REPORTAGE. "Je ne sais pas ce que je vais devenir" : à Kharkiv, des Ukrainiens craignent un nouvel hiver sans électricité à cause des attaques russes sur les infrastructures
En Ukraine, le pays se prépare à un hiver qui s'annonce difficile : dimanche 17 novembre, la Russie a commencé ses frappes contre les infrastructures énergétiques du pays et, désormais, 65% des capacités de production du pays sont détruites. À Kharkiv, deuxième ville du pays, à une trentaine de kilomètres de la frontière russe, les habitants craignent de passer un hiver sans chauffage ni électricité.
Dans le nord de la ville, Vitali peine à ouvrir sa porte. La maison de ce retraité a été gravement endommagée par une ogive, tombée en août dernier à une trentaine de mètres de là. "Cette porte est complètement foutue, il y a des courants d'air qui passent partout", déplore-t-il. Dans le corridor, Vitali, dépité, nous montre les blocs de polystyrène qui obstruent les trous dans les murs. Dehors, les premiers flocons de neige commencent à tomber. "L'hiver arrive, et je n'ai pas d'argent pour réparer ma maison, ajoute-t-il. Si les Russes coupent le chauffage, je ne sais pas ce que je vais devenir."
Certains sont prêts à fuir
Après trois années de guerre, la Russie a pris l'habitude de cibler les infrastructures énergétiques pour paralyser l'économie et démoraliser la population. "Les attaques russes laissent les habitants sans chauffage ni électricité, non seulement dans la région de Kharkiv, mais dans tout le pays, constate Ievgen Ivanov, adjoint au gouverneur de l'administration militaire de la région de Kharkiv. Croyez-moi, aucune défense au monde, même le meilleur système de défense antiaérienne, ne peut protéger contre des dizaines de missiles balistiques ou de croisière. Surtout à proximité du front."

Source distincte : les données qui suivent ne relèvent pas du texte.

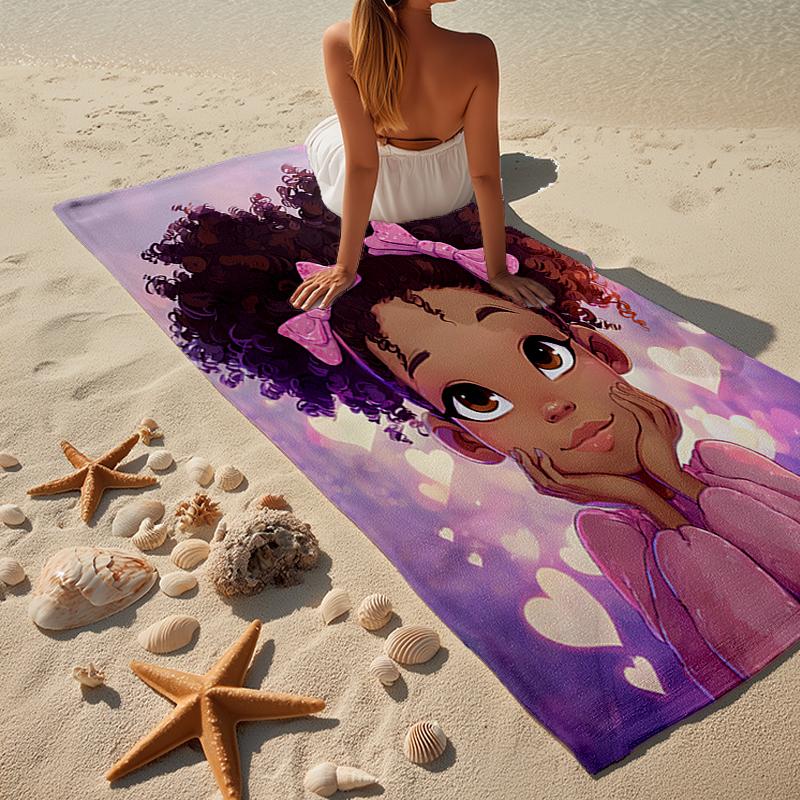 Zwarte Prinses Magische Feest Strandlaken, Super Zacht Microvezel, Cadeau voor Haar/Hem, Verjaardag, voor Zwembad, Strand, Reizen, Huisdecoratie Fan cadeaus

Dans son appartement au neuvième étage d'un immeuble, Irina déballe devant nous ses sacs entassés près de la porte. "Nous sommes prêts à fuir. J'ai tout ce qu'il me faut pour tenir plusieurs jours : habits de rechange, médicaments, nourriture", détaille cette habitante.

Autour de la ville, la guerre a précipité dans la précarité les campagnes et leurs habitants. Larissa est une vétérane, revenue chez elle après deux ans et demi passés près du front. Elle craint de ne pas avoir les moyens de se chauffer pendant tout l'hiver. "Les prix ont énormément augmenté sur absolument tout, déplore-t-elle. Les produits, le chauffage, le bois. Absolument tout. Même les médicaments. Tout est devenu très cher. Les subventions que je reçois, qui sont très, très faibles, ne suffisent pas pour payer le gaz."
Dans l'âtre de son salon, un feu de briquettes livrées par une ONG réchauffe la pièce. À côté du portrait de son frère, tué au combat, Larissa espère pouvoir regagner des forces cet hiver. Au printemps prochain, elle compte retourner au front.